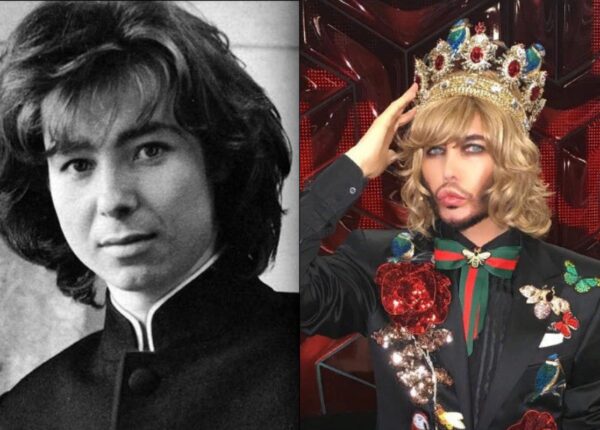 10 российских звезд, кардинально изменивших внешность за время своей карьеры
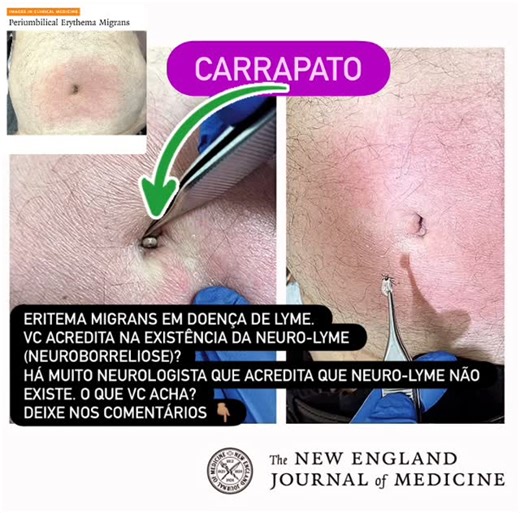 NeuroTube on Instagram: "🧠 Neuro-Lyme (Neuroborreliose) A neuro-Lyme é o comprometimento do sistema nervoso na Doença de Lyme, infecção causada pela Borrelia burgdorferi, transmitida por carrapatos. Pode surgir semanas a meses após a infecção inicial, especialmente quando não tratada precocemente. 🔹 Manifestações neurológicas mais comuns • Meningite linfocitária subaguda (cefaleia, fotofobia, rigidez discreta) • Paralisia facial periférica, muitas vezes bilateral • Radiculoneurite dolorosa (do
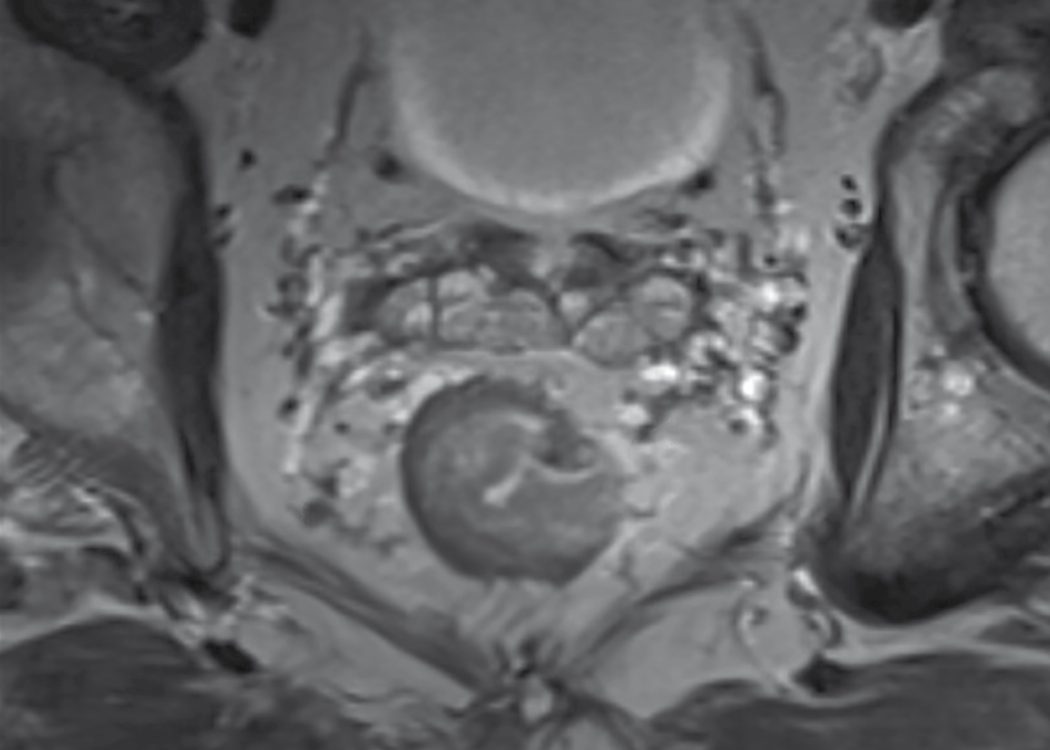 Axial T2-weighted pelvic MRI of a rectal cancer penetrating the rectal wall into the mesorectal fat with abnormal mesorectal nodes: clinically staged T3N1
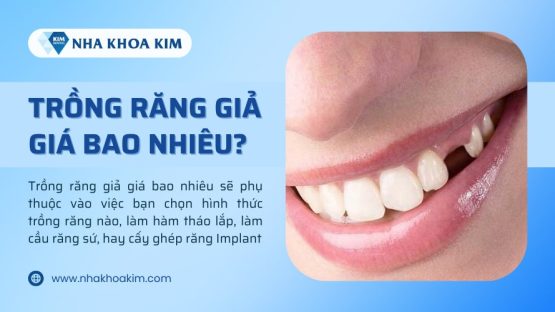 Giá làm răng giả khoảng bao nhiêu tiền? Thông tin chi tiết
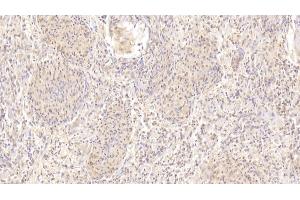 Detection of CDH23 in Human Spleen Tissue using Polyclonal Antibody to Cadherin 23 (CDH23) (CDH23 anticorps  (AA 34-236))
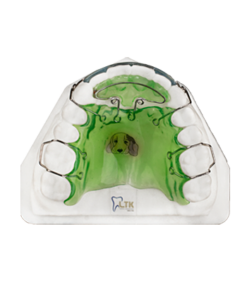 Spring Retainer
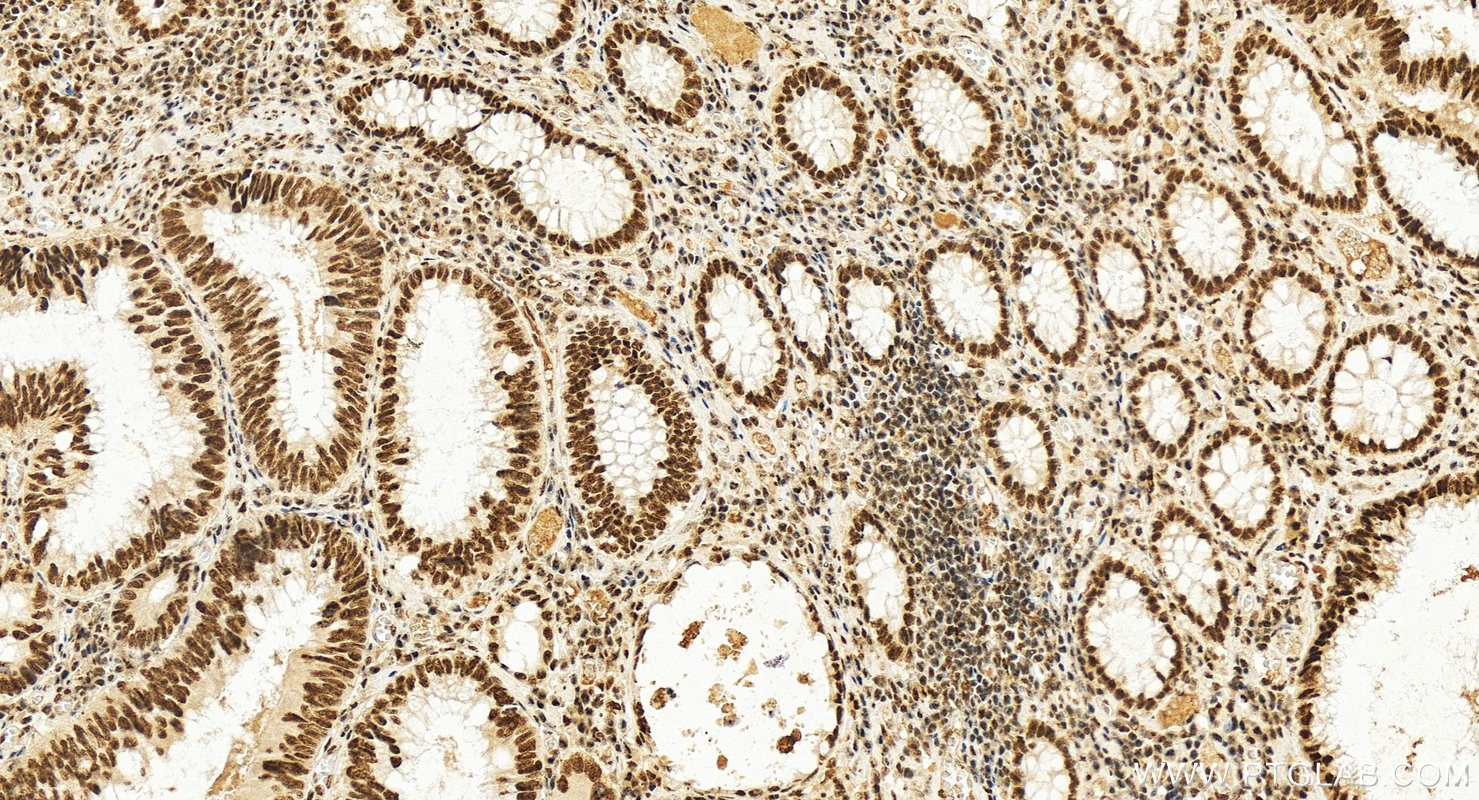 Immunohistochemistry (IHC) staining of human colon cancer tissue using RBM25 Polyclonal antibody (25297-1-AP)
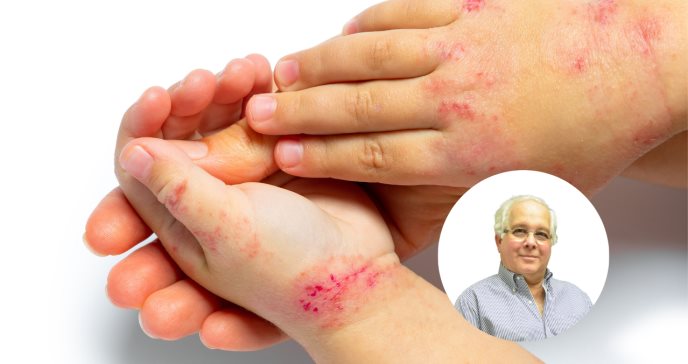 Dermatitis Atópica altamente prevalente en Puerto Rico: un 10 a 12 % de la población lo padece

========================================

Exercise instructions |
Your task is to repeat only the lines from the line containing "Immunohistochemistry (IHC) staining" through the final line of the material, inclusive; do not include pictures.

Result below |
 Immunohistochemistry (IHC) staining of human colon cancer tissue using RBM25 Polyclonal antibody (25297-1-AP)
 Dermatitis Atópica altamente prevalente en Puerto Rico: un 10 a 12 % de la población lo padece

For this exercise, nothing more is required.